(Extracted data):
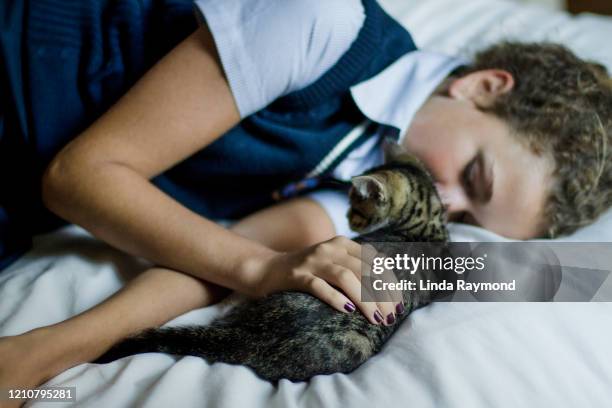 teenager girl and her kitten - cats on the bed stock pictures, royalty-free photos & images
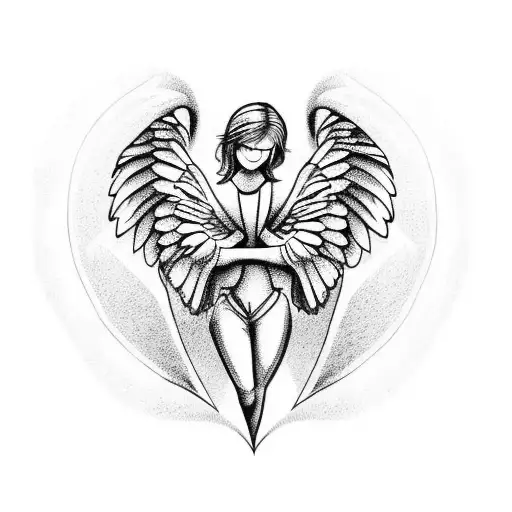 angel holding a broken heart  tattoo design idea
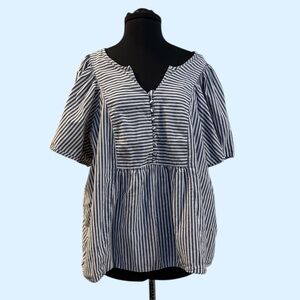 Terra & Sky Navy and White Striped Peasant Tunic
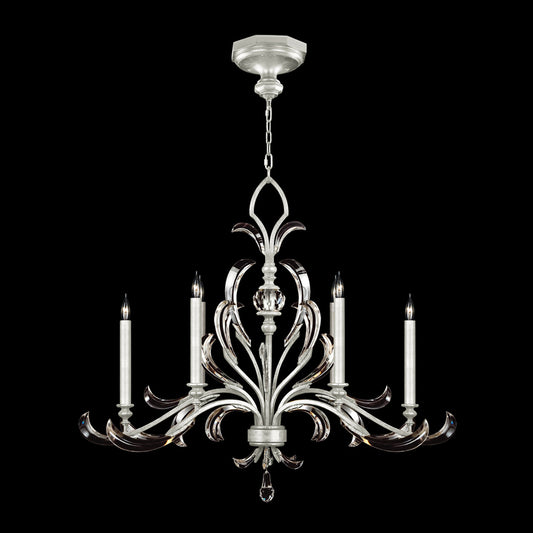 Beveled Arcs Chandelier, Oblong, 6-Light, Silver Leaf, 44"W (739240-SF4 NJ1L)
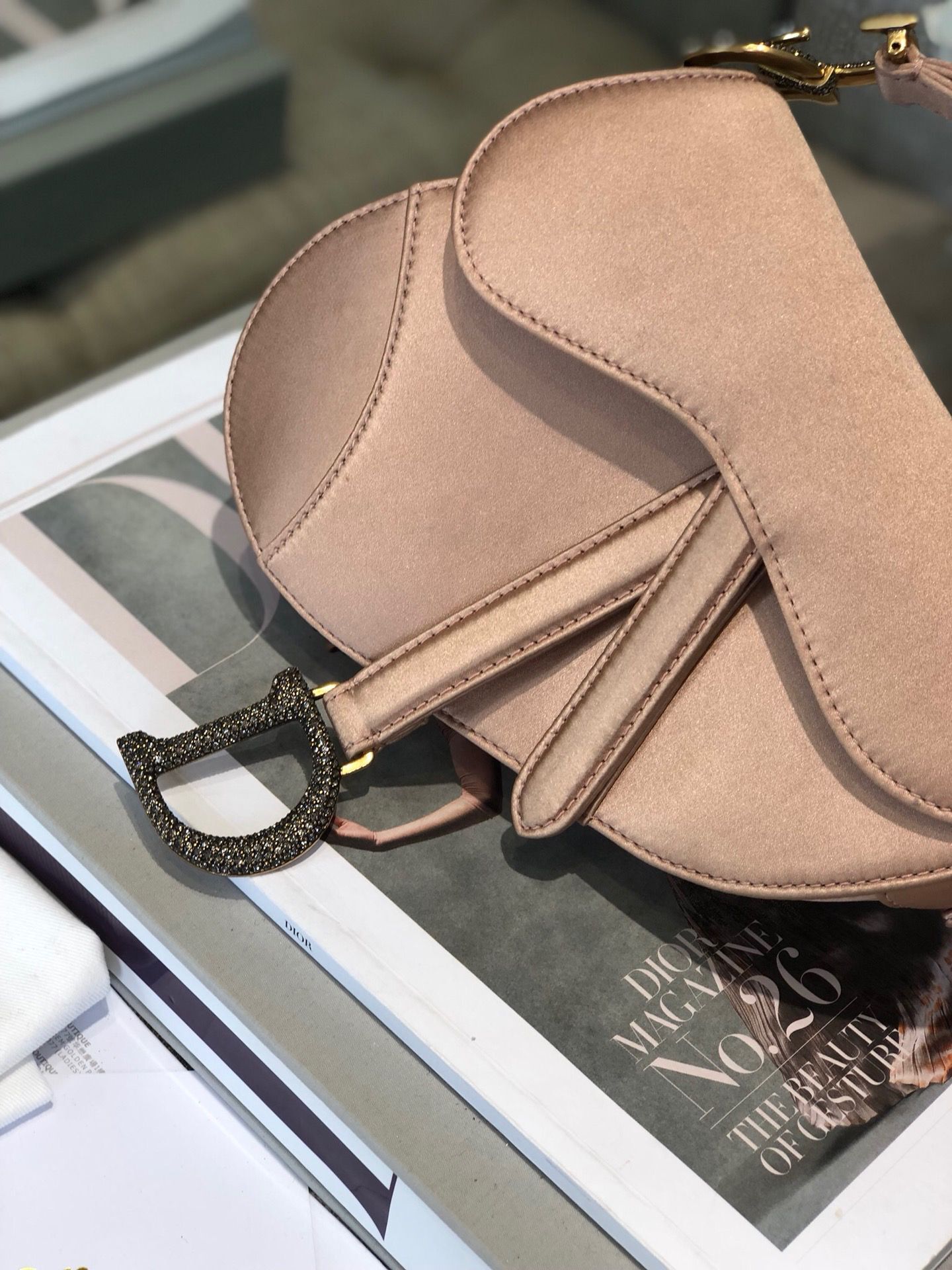 Dior SADDLE SATIN MINI BAG M447S Champagne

(The problem):
Make an exact copy of the listing above, omitting the pictures.

(Reply to the task):
 teenager girl and her kitten - cats on the bed stock pictures, royalty-free photos & images
 angel holding a broken heart  tattoo design idea
 Terra & Sky Navy and White Striped Peasant Tunic
 Beveled Arcs Chandelier, Oblong, 6-Light, Silver Leaf, 44"W (739240-SF4 NJ1L)
 Dior SADDLE SATIN MINI BAG M447S Champagne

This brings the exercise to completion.